Ubiquitin-dependent proteolysis in health and disease

Work in the Tomko lab centers on the ubiquitin-proteasome system (UPS), which mediates ~80% of all regulated (e.g., intentional) protein degradation in all eukaryotes.  Our group has traditionally focused on understanding the assembly and function of the 26S proteasome, which is the endpoint for proteins destined for degradation by the UPS.  It is also the largest and most complicated protease known.  Deregulation of proteasomal proteolysis underlies diverse human diseases, including cancer, neurodegeneration, diabetes, and several autoimmune disorders.  By better understanding the structure, biogenesis, and function of the proteasome, we hope to identify new targets for disease treatment and discover small molecules that modulate these targets. 

More recently, we have also become interested in the UPS of a family of infectious obligate intracellular parasites known as microsporidia.  These fascinating parasites spread easily through contaminated food and water sources, but have largely been ignored by modern medicine because they have traditionally only caused disease in immunocompromised patients.  However, as long-term use of immunosuppressive drugs becomes the standard of care for many conditions, including organ transplants, chronic inflammatory diseases, and autoimmune disorders, they are emerging as a new and serious health threat.  We are thus characterizing the highly divergent UPS in these parasites in an effort to develop novel therapeutics for this important but virtually ignored class of pathogens. 
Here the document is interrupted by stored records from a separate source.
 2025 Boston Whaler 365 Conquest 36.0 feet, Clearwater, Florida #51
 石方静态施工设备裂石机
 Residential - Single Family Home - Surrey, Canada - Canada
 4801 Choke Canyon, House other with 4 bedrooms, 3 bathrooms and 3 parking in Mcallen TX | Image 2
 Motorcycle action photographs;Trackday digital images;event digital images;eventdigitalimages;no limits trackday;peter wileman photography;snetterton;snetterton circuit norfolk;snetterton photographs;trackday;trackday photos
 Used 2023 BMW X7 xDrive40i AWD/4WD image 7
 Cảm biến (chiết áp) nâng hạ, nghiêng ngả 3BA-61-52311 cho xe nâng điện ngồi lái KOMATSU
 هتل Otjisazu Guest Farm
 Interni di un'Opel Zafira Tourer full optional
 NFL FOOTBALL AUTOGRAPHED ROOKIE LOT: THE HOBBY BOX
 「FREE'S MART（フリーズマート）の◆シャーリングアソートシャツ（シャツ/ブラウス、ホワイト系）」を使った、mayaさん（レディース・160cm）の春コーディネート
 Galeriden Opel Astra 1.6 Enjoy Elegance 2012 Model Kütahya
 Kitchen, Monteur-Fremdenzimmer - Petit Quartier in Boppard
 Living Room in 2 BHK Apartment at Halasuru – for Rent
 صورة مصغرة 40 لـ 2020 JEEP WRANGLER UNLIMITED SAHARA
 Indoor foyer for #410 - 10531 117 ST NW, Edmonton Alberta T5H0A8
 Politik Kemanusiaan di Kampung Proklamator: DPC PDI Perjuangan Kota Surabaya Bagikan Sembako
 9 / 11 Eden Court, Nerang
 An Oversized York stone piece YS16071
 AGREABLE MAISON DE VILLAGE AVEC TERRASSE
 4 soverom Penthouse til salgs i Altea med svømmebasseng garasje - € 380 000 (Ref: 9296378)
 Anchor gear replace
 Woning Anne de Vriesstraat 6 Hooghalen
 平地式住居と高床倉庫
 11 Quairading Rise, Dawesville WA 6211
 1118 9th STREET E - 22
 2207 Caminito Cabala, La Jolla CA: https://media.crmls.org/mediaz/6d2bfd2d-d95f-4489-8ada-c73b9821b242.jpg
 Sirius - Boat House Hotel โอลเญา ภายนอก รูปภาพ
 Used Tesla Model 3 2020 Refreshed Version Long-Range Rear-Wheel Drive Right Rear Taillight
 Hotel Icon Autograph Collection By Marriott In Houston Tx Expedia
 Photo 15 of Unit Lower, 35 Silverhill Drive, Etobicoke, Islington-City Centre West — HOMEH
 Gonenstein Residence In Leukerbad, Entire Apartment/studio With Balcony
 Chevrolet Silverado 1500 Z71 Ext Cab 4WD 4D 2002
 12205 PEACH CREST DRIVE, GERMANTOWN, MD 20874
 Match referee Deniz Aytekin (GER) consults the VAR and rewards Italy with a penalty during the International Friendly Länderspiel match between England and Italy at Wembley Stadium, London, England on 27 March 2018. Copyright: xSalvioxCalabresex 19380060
Proteasome assembly and function

The proteasome consists of ~70 individual protein subunits that must occupy defined positions within the final complex to ensure its efficient function.  Further, individual subunits within the proteasome are sometimes substituted with alternative forms to yield specialized proteasomes with altered specificities and activities.  These alternative proteasomes are involved in specialized biological processes, such as T-cell selection, generation of epitopes for antibodies, and maturation of sperm cells.  Further, changes to the composition of the proteasome occurs frequently in human cancers.  Thus, understanding how this unusually large and complicated cellular machine forms and functions is guiding the development of drugs for autoimmunity, cancer, fertility, and infectious disease, among others. 

If the subunits of the proteasome were to assemble randomly (e.g., driven solely by stochastic collisions between subunits), there are more possible assembly sequences than there are stars in the known Universe.  Surprisingly, only two or three of these assembly sequences seem to occur in the cell.  How is this remarkable complexity reduced and managed to assure that a properly composed, functional complex is always the endpoint? How does the cell make specialized proteasomes when needed?  We are interested in understanding the molecular and cellular mechanisms that enforce this ordered, hierarchical assembly of the proteasome in vivo.  We use approaches pulled from biochemistry, biophysics, protein engineering, chemical genetics, proteomics, and cell biology to better understand this process, with the ultimate goal of identifying bottlenecks in the assembly process that could be enhanced or further constricted to treat human disease. 

Although assembly is our main goal, we occasionally stumble upon interesting things that improve our understanding of how the proteasome selects and degrades its substrates.  The proteasome contains ~20 individual enzymatic centers, and it processes substrates for degradation almost like an assembly line building a car, but in reverse.  Our secondary interest is in understanding how these different processing sites are functionally coupled within the proteasome during catalysis, and how their activities are restrained during proteasome assembly to prevent premature and incomplete substrate processing. 

The ubiquitin-proteasome system of microsporidia

Microsporidia possess a highly divergent 26S proteasome compared to all other eukaryotes, and appear to be missing many accessory proteins and assembly chaperones that would normally promote efficient proteasome biogenesis and function.  This raises several important questions – for example, why is it that these organisms lack proteins that are essential for survival in all other eukaryotes examined?  Can these divergent proteasomes assemble without exogenous assistance from the chaperones required in humans?  What are the differences in the structure and function of this divergent proteasome, and how can we target these differences to kill off the parasites without affecting the host cells?  We have developed a suite of biochemical tools that will help us begin answering these questions.  We anticipate that this divergent proteasome may make for an outstanding drug target for microsporidiosis. 

Microsporidia also seem to have an unusual collection of ubiquitin ligases and ubiquitin proteases—including many that are secreted into the infected host cell—whose roles in infection, establishment of an intracellular niche, replication, and dissemination to neighboring cells are completely unknown.  We are using biochemical and biophysical approaches coupled with transgenic and cell-based models of microsporidial infection to understand the structure, function, substrate selectivity, and physiological roles of these microsporidial UPS components en route to our larger goals of developing first-in-class drugs for the treatment of microsporidiosis.